On The Plank, Michelle passes along the news that Rich Cizik has been essentially ousted from his position as top lobbyist for the National Association of Evangelicals (NAE). Cizik has always been an intriguing and complicated figure. A major proponent of the doctrine of "creation care," he long contended that evangelicals should devote less attention to gay-bashing and focus more on environmental issues—especially global warming. I wrote a piece for TNR a few years ago about Cizik and his ongoing feud with Focus on the Family's James Dobson, who insisted that evangelicals should stick to obsessing over what people are doing in their bedrooms and forget about this green nonsense. (A few years ago, Dobson even hired some of the usual climate-denial suspects to make the biblical case for why manmade global warming was a fraud.) Early in December, though, Cizik went a bridge too far when he told NPR's Terry Gross that he was coming around to the idea of gay civil unions. That's a no-no, and the backlash was predictable, swift, and fierce.

Who knows what Cizik's resignation portends for environmentalism? As I eventually concluded in my piece, it was always unclear how much of an impact the NAE and other "creation care" advocates would have on the broader climate debate—not least because they insisted on maintaining a tight alliance with the Republican Party, which still shows little inclination to take global warming seriously. Even John McCain, one of the rare exceptions, was leading chants of "Drill, baby drill" by the end of his presidential campaign. When we talked back in 2007, Cizik told me he was optimistic that conservative politicians would eventually come around, though he sounded less confident about this than he did on other topics. It's possible his faith in the GOP eventually buckeld: He told Terry Gross that he had voted Obama in the Virginia Democratic primary, though he declined to reveal his choice in November.

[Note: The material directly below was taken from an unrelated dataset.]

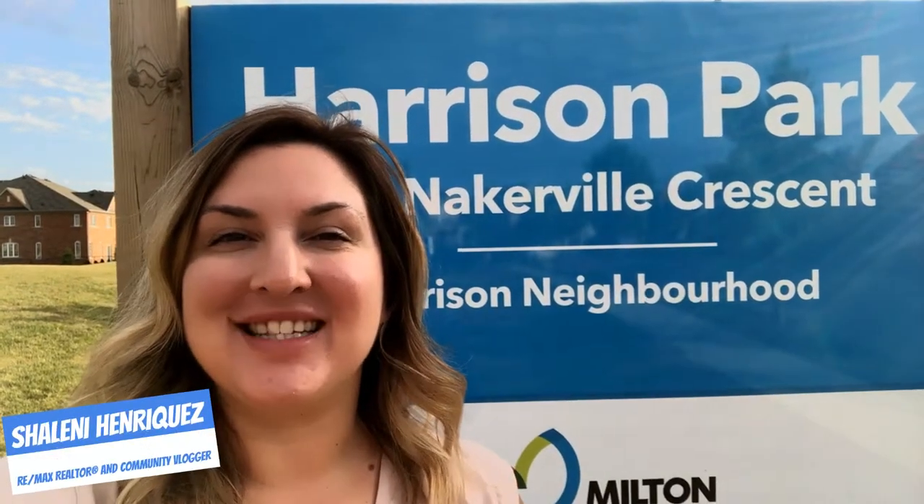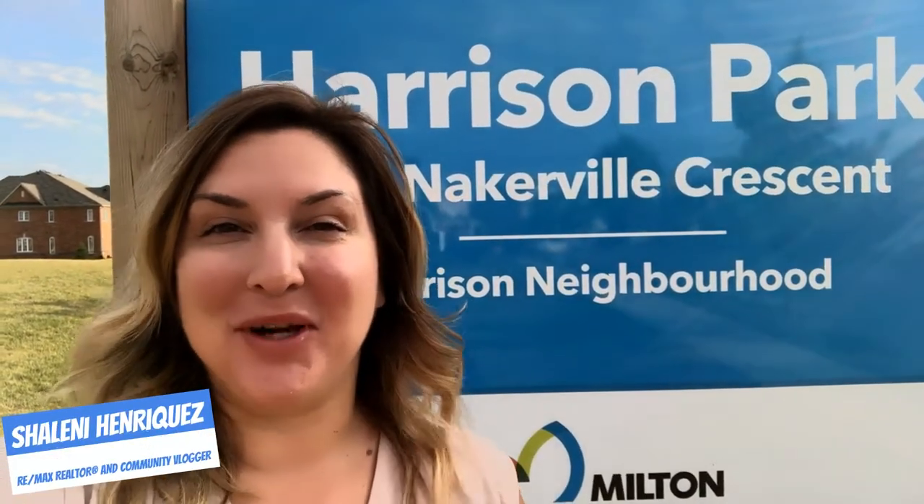Hi, I'm Shalini Enriquez with REMAX Real Estate Center. I live in Milton, I work in Milton, and I absolutely love sharing the things that I love about our community with all of you.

Whenever I ask climate campaigners for indications that global warming might be becoming a bipartisan concern, they quickly point to the growing prevalence of faith-based groups that evince some worry about all the carbon we're kicking up into the atmosphere. It's certainly a promising (and popular) story line. But green evangelicals have long followed an uneven trajectory, as Cizik's resignation proves, and I think it's still too early to assess their broader significance.